When the Blatches took up residence in New York City, in 1902, she continued her suffrage work in the United States. She found that the movement was in a rut: “It bored its adherents and repelled its opponents.” What was needed was political insight. She wanted to apply to the American scene the same kind of politically minded organizing activity that had been successfully used by suffragists in England. There existed an American model, she noted, in the Anti-Saloon League, often called the first political pressure group in United States history.
Blatch began her efforts among the thousands of working women on the Lower East Side of New York City. There she discovered enormous support for suffrage, which was viewed as a means of reducing sex discrimination. In 1907 she founded the Equality League of Self-Supporting Women, which also included professional women. In the next several years the league held innumerable meetings and rallies throughout the New York City area. The first suffrage parades were held under its auspices.

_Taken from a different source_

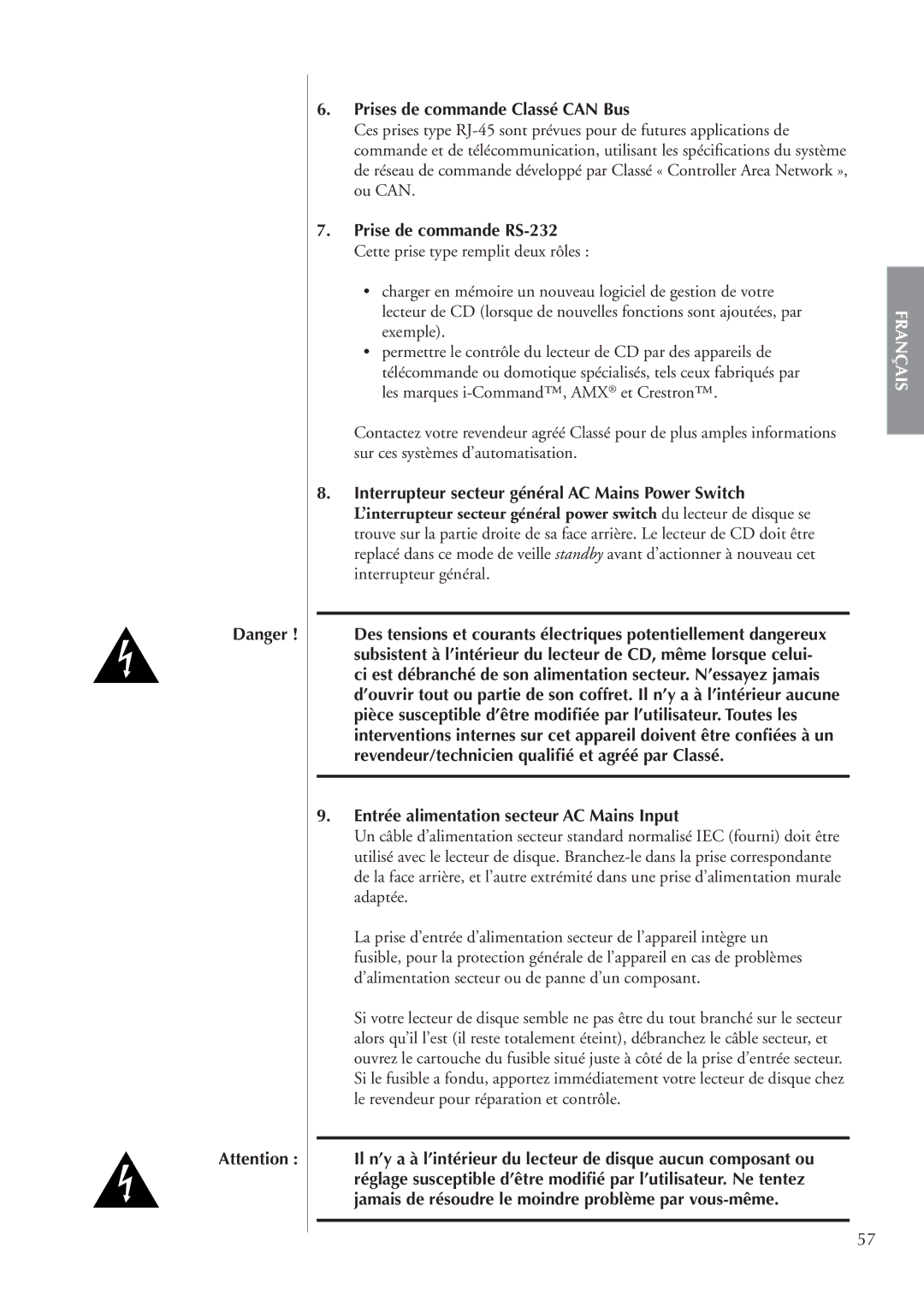 Classe Audio CDP-202 owner manual Prises de commande Classé can Bus, Entrée alimentation secteur AC Mains Input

The next step was to raise the state legislature’s consciousness about suffrage. In 1907 Blatch and other suffragists, including Susan B. Anthony, inaugurated a series of annual appearances before the legislators in Albany, on the theory that “the harvest ripens more rapidly in a legislative body than in a constituency of wide-flung unrelated individuals.” The league’s membership was catalogued according to political districts to facilitate organizing members into small pressure groups when needed. These techniques underlay the annual campaigns for a state suffrage amendment that began in 1910 and succeeded in 1917.
Meanwhile, the league, which had been reorganized as the Women’s Political Union, merged with the Congressional Union, founded in 1913 to promote a federal suffrage amendment. In 1917 Blatch helped merge the Congressional Union with the Woman’s party.

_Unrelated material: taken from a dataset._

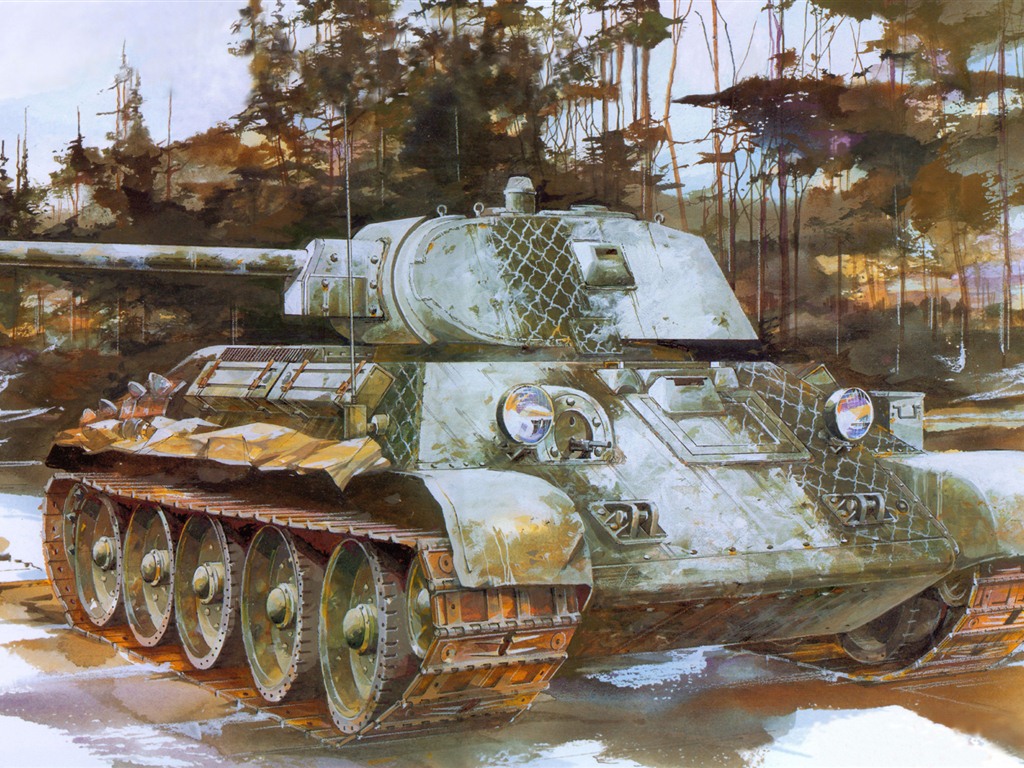 軍事坦克裝甲 高清繪畫壁紙 #8 - 1024x768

The entry of the United States into World War I, in April 1917, turned Blatch’s attention to other matters. She became head of the speakers’ bureau of the Food Administration and a director of the Woman’s Land Army, which provided female farm workers. By the time of the Armistice, in November 1918, Congress had passed the Nineteenth Amendment, and Blatch’s energy was redirected to equality of rights. She supported the campaign by the National Woman’s party for a federal Equal Rights Amendment and chaired its congressional committee for several years. She also urged regulations against child labor, and for prohibition of dangerous working conditions, but she opposed generalized protective labor legislation for women. She wanted more women in trade unions, however. During the 1920s she ran unsuccessfully as a political candidate on the Socialist party ticket.
Harriot Stanton Blatch died at eighty-four, of a heart attack, in a nursing home in Greenwich, Connecticut, and was buried at Woodlawn Cemetery in New York City. Like her mother she had a flair for the dramatic. Her Equality League, organized at a time when the suffrage cause was languishing, gave the movement an invigorating jolt that contributed greatly to the passage of the Nineteenth Amendment.
Aside from her contributions to the History of Woman Suffrage, and her autobiography, Challenging Years (with Alma Lutz, 1940), Harriot Stanton Blatch wrote Mobilizing Woman-Power (1918) and Woman’s Point of View (1920). With her brother Theodore she edited Elizabeth Cady Stanton, as Revealed in Her Letters, Diary and Reminiscences (1922). Twelve volumes of her papers are in the Library of Congress; others are in the possession of her daughter, Nora Stanton Barney, and of Harriet Allaben. In addition to her autobiography, useful information and a bibliography may be found in Notable American Women (1971) and the Dictionary of American Biography, supplement 2 (1958). An obituary appeared in The New York Times, November 21, 1940.